Set down, word for word, the line with "Close-up of lizard against white background" and the lines after it through the final line of the data below, without pictures.
___ Source data
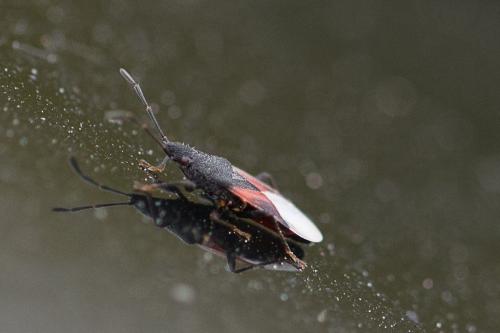 Réf. 235 968 : Oxycarenus lavaterae
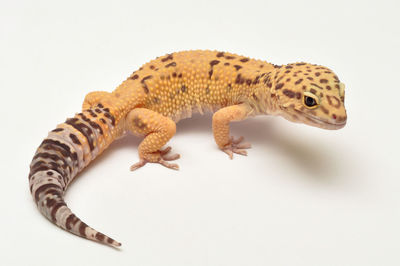 Close-up of lizard against white background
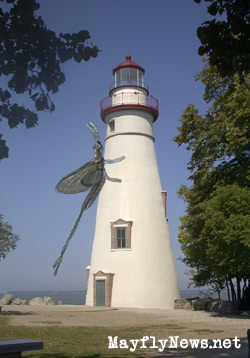 big mayfly attacking Marblehead Lighthouse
______
Expected answer.
 Close-up of lizard against white background
 big mayfly attacking Marblehead Lighthouse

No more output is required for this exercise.